*** Begin section ***

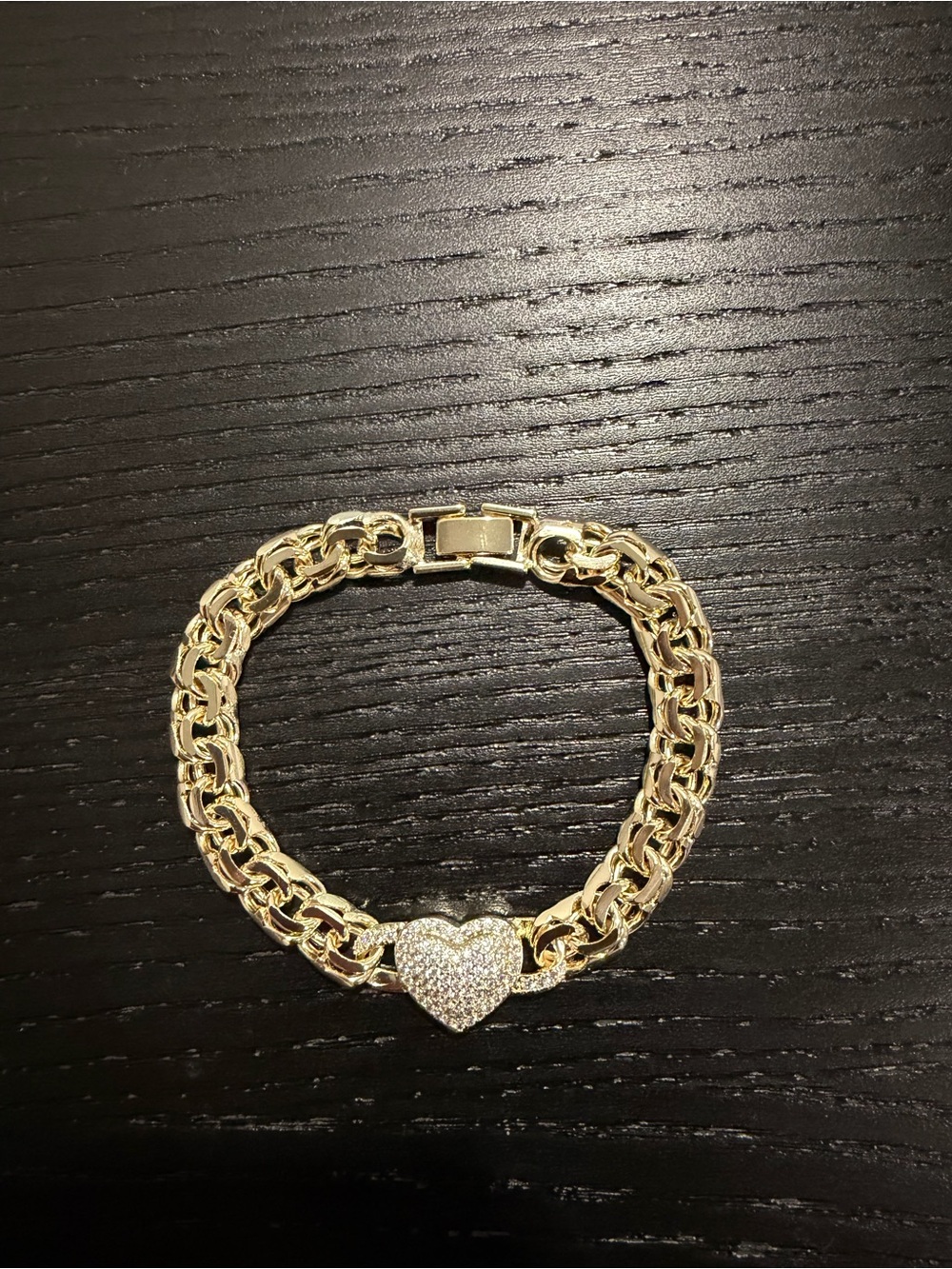 Gold Heart Chain Bracelet with Pave Accent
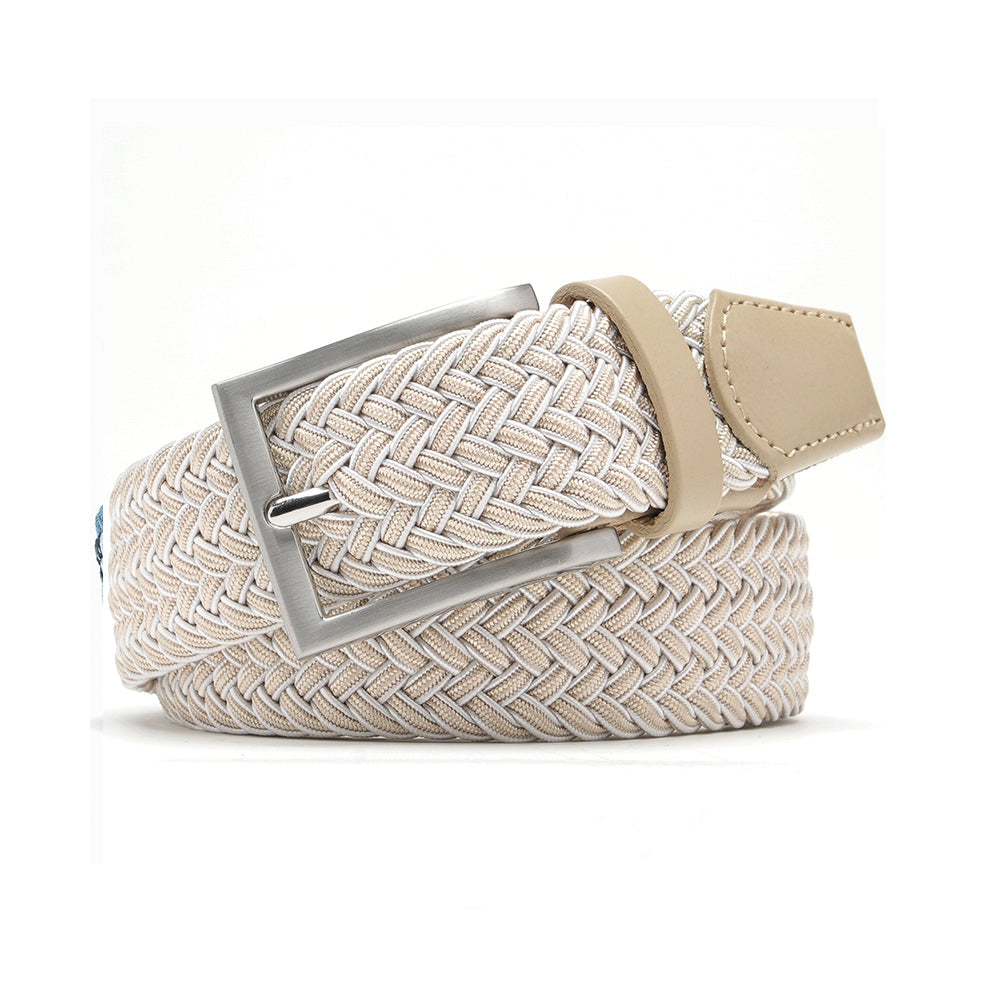 Bradenton Beige/White Braided Belt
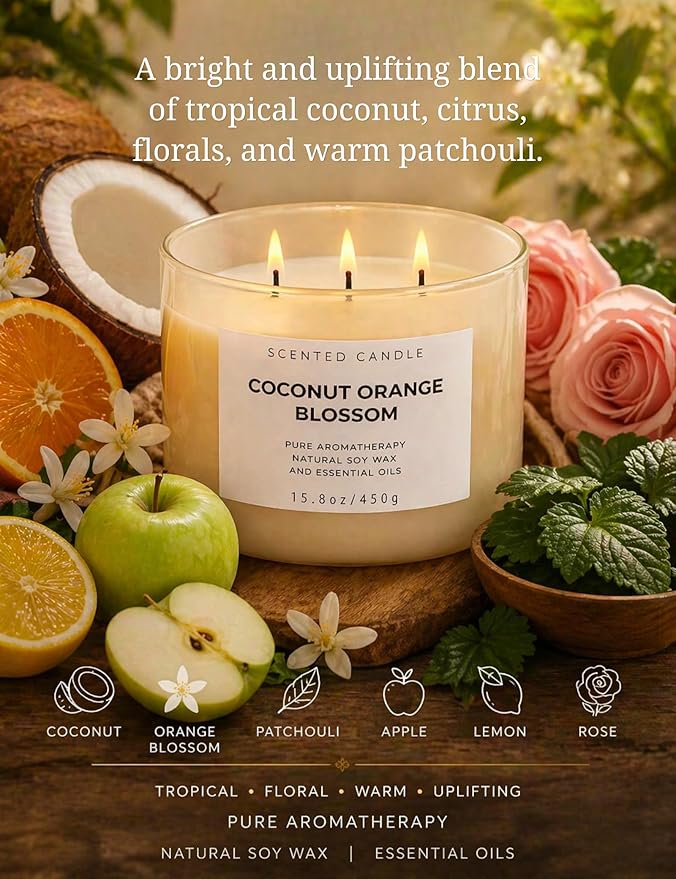 Coconut Orange Blossom 3-Wick Soy Candle | 15.8 oz Large Scented Candle for Home | Clean Burn Long Lasting | Creamy Floral Citrus Scent | Gift Ready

*** End section ***

Everything in the listing must be restated word for word, except for the pictures.

__OUTPUT OF THE EXERCISE__.
 Gold Heart Chain Bracelet with Pave Accent
 Bradenton Beige/White Braided Belt
 Coconut Orange Blossom 3-Wick Soy Candle | 15.8 oz Large Scented Candle for Home | Clean Burn Long Lasting | Creamy Floral Citrus Scent | Gift Ready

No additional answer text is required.